アル中ドワーフ
『魔人殺し』を持ち帰った翌日。ミニムに案内されて、ドワーフの鍛冶師に会いに行くことになった。
「当代随一の鍛冶師と言われるドワーフに『魔人殺し』を鍛え直して貰う訳なんだけど、お酒を持っていく必要がある」
「なるほど」
酒の入った小樽を持たされたのはそういう訳か。
ドワーフといえばお酒。そして、頑固で気の良い職人なんだな、やっぱり。
「いや、それもあるけど。彼は酒を飲んでないと手が震えるんだ」
アル中じゃん。大丈夫かそれ。
洞窟、ではなく王都郊外の家兼鍛冶場に着いた。飾り気のない家だ。
「約束の、金の冒険者リーク、共にミニム=ヘルトが来たぞ!」
ミニムが声を張り上げる。返事はない。
「さて、行こうか」
ミニムが扉に手をかけた。
「いいのか? 勝手に入って」
「問題ないよ、いつもこうだから」
俺達は、家の中に堂々入っていった。
鍛冶場を素通りして、職人の家の方に入っていく。鍛冶場は片付いていたけど、家の中は散らかり放題だ。あと、人気がない。

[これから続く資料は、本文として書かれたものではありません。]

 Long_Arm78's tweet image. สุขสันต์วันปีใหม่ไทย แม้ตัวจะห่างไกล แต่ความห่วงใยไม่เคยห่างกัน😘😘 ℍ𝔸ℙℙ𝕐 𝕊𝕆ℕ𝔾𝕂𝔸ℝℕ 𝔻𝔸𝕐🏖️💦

不安になりながら、ミニムの後について行くと、寝室らしき部屋の前まで来てしまった。ミニムはノックをするが、返事はない。
「留守なんじゃないのか?」
「いいや」
扉を開けると、また散らかり放題の部屋だ。部屋の奥のベッドの上に、こんもり丸まった毛布の塊があった。
「仕事だよ、モーリス」
「働きたくない…」
しゃがれた、情けない声だ。
「そうはいかない。内密だけど、王の命だ」
「いいよ、弟子にでもやらせとけよ」
「君にしか頼めないことなんだよ。奥さんに逃げられよとも、酒に溺れようとも、それでも職人としては君は王国一だ」
「王国一がなんだよ…女房に逃げられた王国一なんて恥ずかしいだけじゃねえか…」
「それも考えてある。今回の仕事が上手くいったら、王妃様が間を取り持ってくれるそうだ」
「…本当か?」
「本当だとも。さあ、ベッドから出て。ほら、君の好きなエールだ。エギナの混ざってない、体に悪い奴だよ」
「おう、おう…」
不安だ。
ドワーフのモーリスは、俺の持ってきた小樽の中身を飲み干すと、デンと鍛冶場で構えた。
「それで、お前が金の冒険者のリークか?」
気難しい、実力のある職人だ、と思っただろう。さっきの醜態を見ていなければ。
「そうだ」
「まだガキじゃねえか」
「モーリス。言葉に気を付けたほうがいい。彼の妻になりたがっている女性は、僕の知っているだけでも4人いる」
「…やるじゃねえか」
止めてくれ。心が痛い。
「まあいいさ。仕事はきっちりやる。この剣を鍛え直せばいいんだな?」
抜き身の『魔人殺し』。刃は欠けているけど、刀身は丸々残っていた。
「そう。ただ直せばいいわけじゃない。伝承をなぞるんだ」
伝承では、エルフが呪いを込め、精霊が祝福したそうだけど。
「そこでボクの出番です」
ヌッとフランネルが現れた。
「いつからいたの?」
「最初からおりましたが」
ミニムに顔を向けると、彼は黙って首を振った。
確かにフランネルは精霊と人のハーフだ。祝福だって出来るかも知れない。一応、役者は揃ったのか。
刀身には、魔力の残滓が残っている。これが呪いだろう。
「では、伝説の再現といこうか」
こうして、『魔人殺し』は復活した。後はこれで、『冬の王』を斬るだけだ。